# [AVAILABLE DATA]
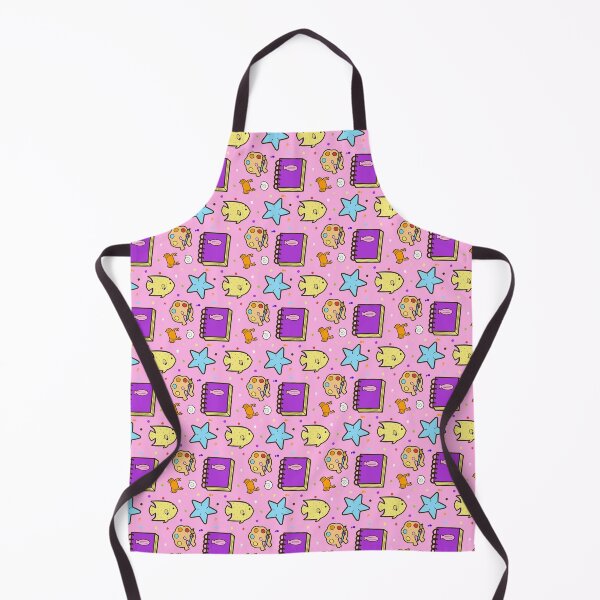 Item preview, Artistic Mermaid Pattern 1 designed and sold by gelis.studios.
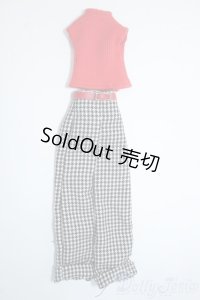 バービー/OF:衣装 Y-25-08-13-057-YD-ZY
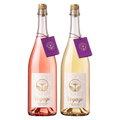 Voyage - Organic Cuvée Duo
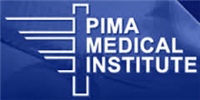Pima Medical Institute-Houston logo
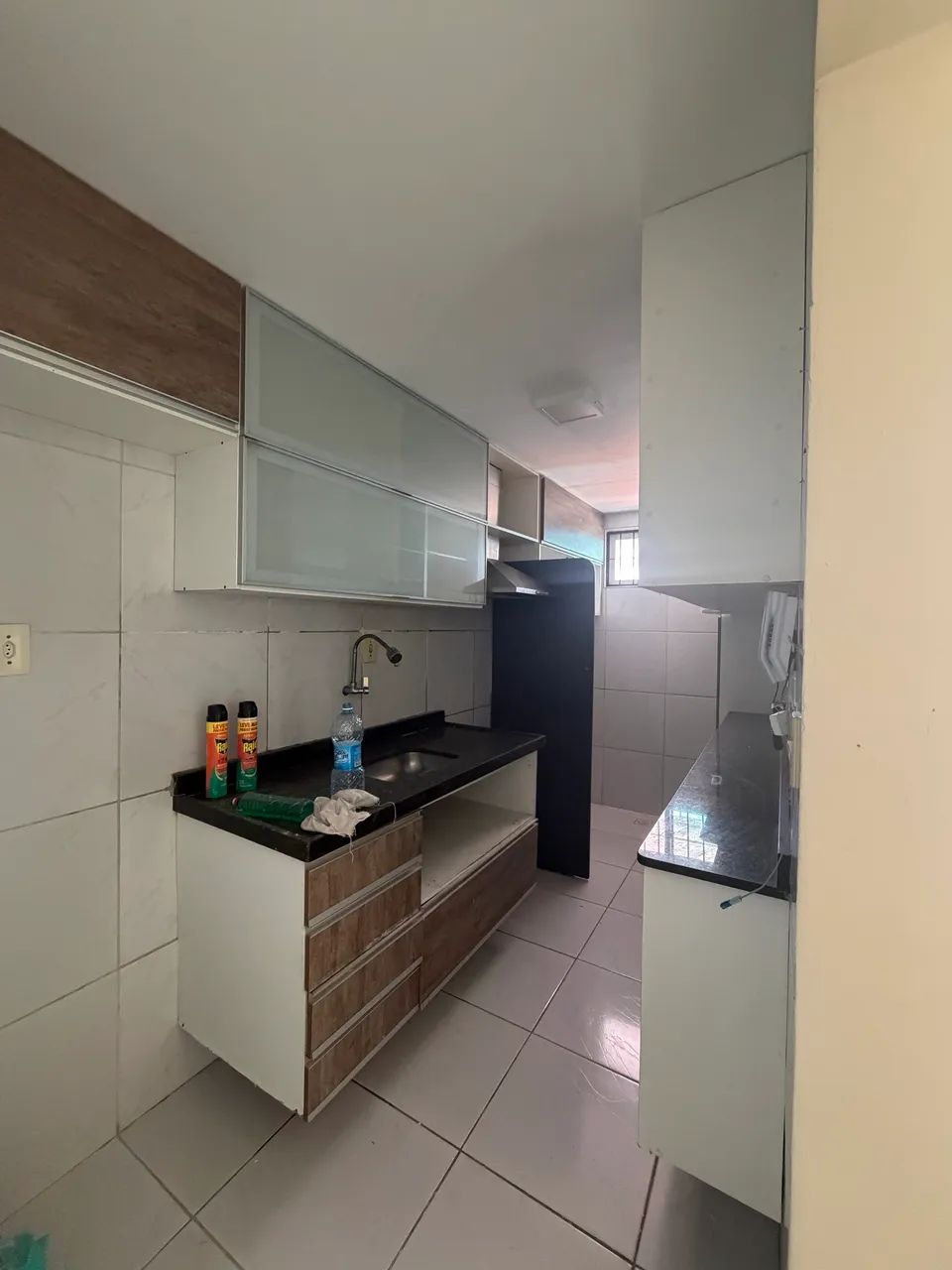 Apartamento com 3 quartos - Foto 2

* * *

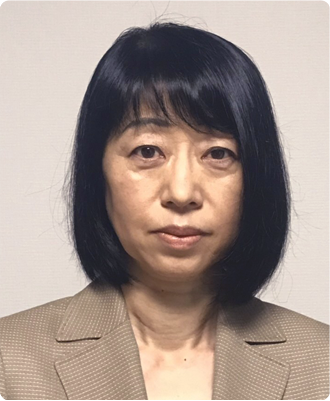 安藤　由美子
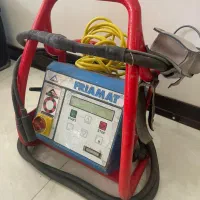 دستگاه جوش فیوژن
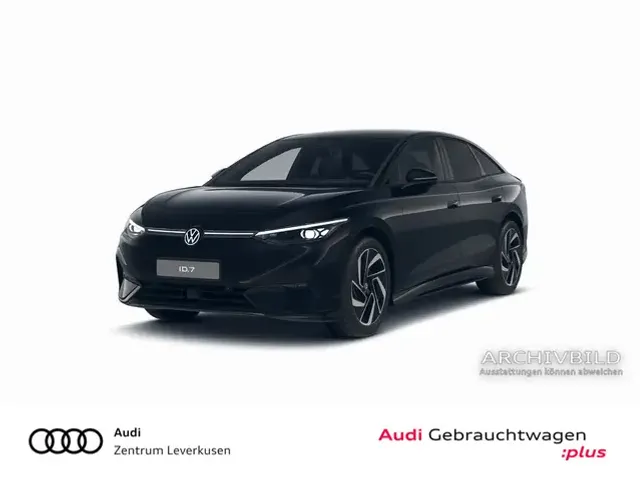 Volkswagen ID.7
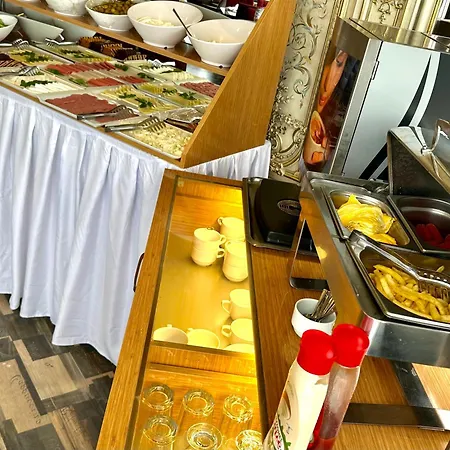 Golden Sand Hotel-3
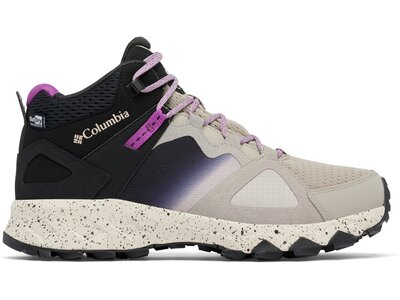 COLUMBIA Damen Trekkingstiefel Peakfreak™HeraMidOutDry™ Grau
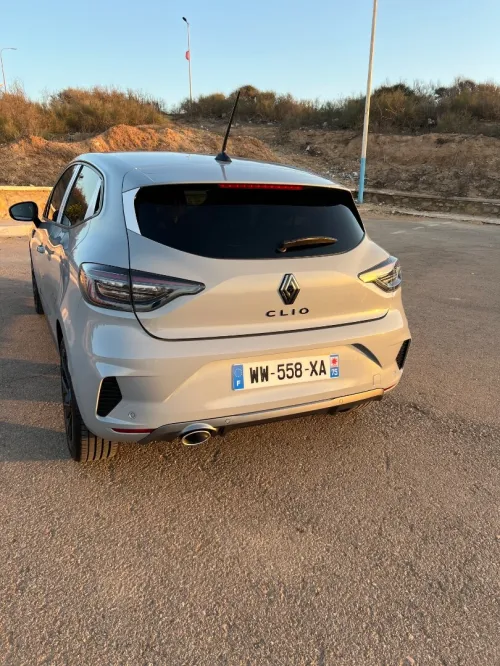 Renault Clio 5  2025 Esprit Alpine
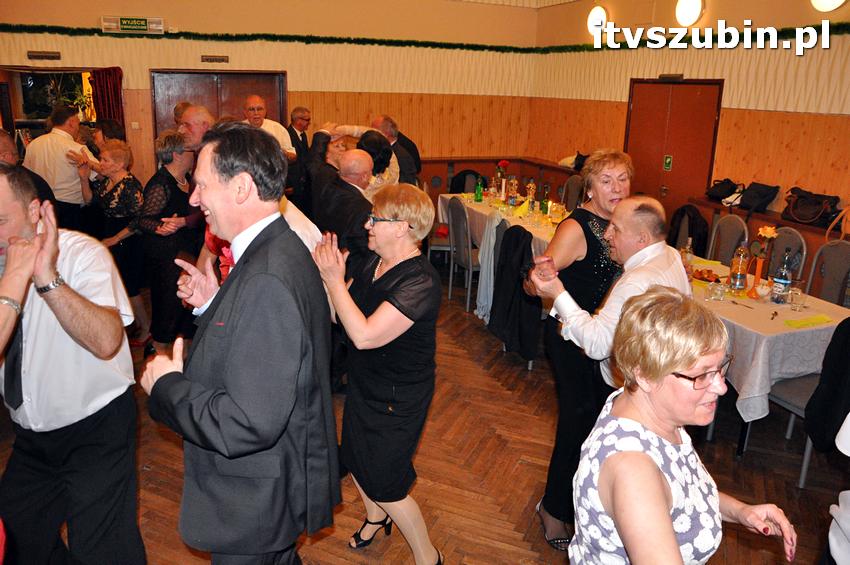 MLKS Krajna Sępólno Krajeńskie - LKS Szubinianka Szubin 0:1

...

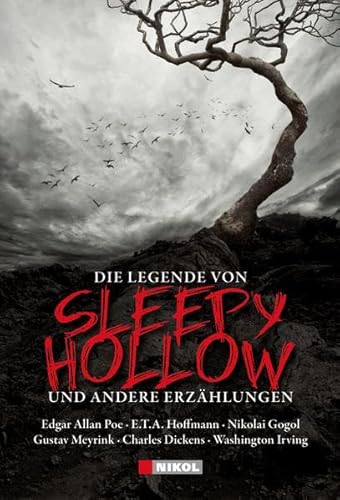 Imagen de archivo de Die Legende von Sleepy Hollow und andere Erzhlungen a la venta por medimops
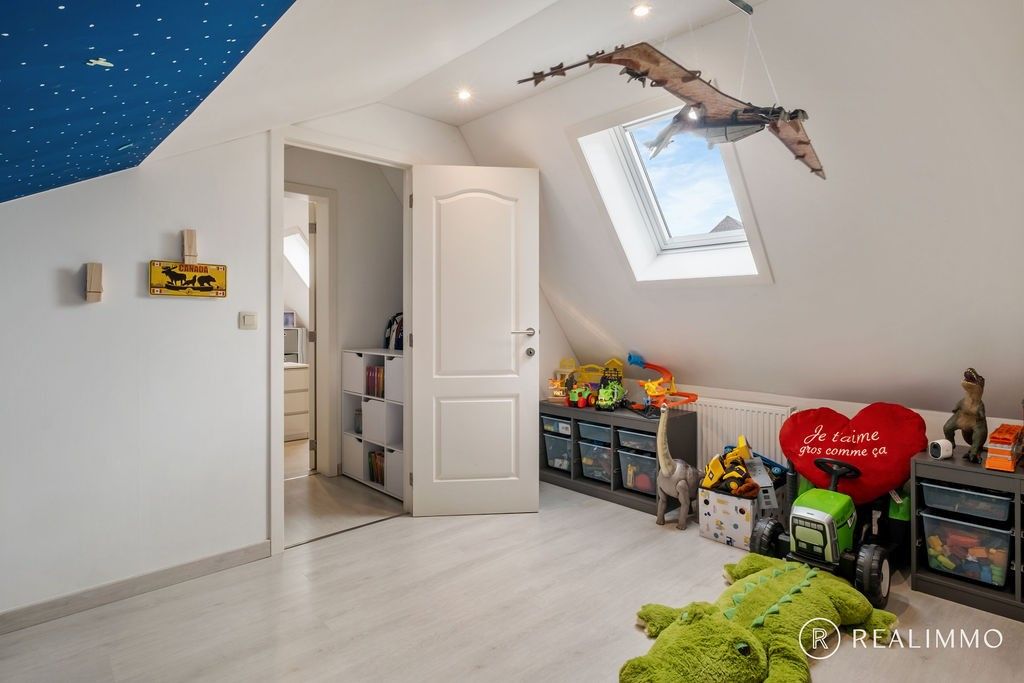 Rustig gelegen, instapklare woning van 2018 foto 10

# [GOAL OF THE EXERCISE]
Working from the entries above, reproduce exactly and only the lines beginning with the line that has "Imagen de archivo" and ending with the line that has "Rustig gelegen, instapklare"; omit all pictures.

# [RESPONSE FOR THIS EXERCISE]
 Imagen de archivo de Die Legende von Sleepy Hollow und andere Erzhlungen a la venta por medimops
 Rustig gelegen, instapklare woning van 2018 foto 10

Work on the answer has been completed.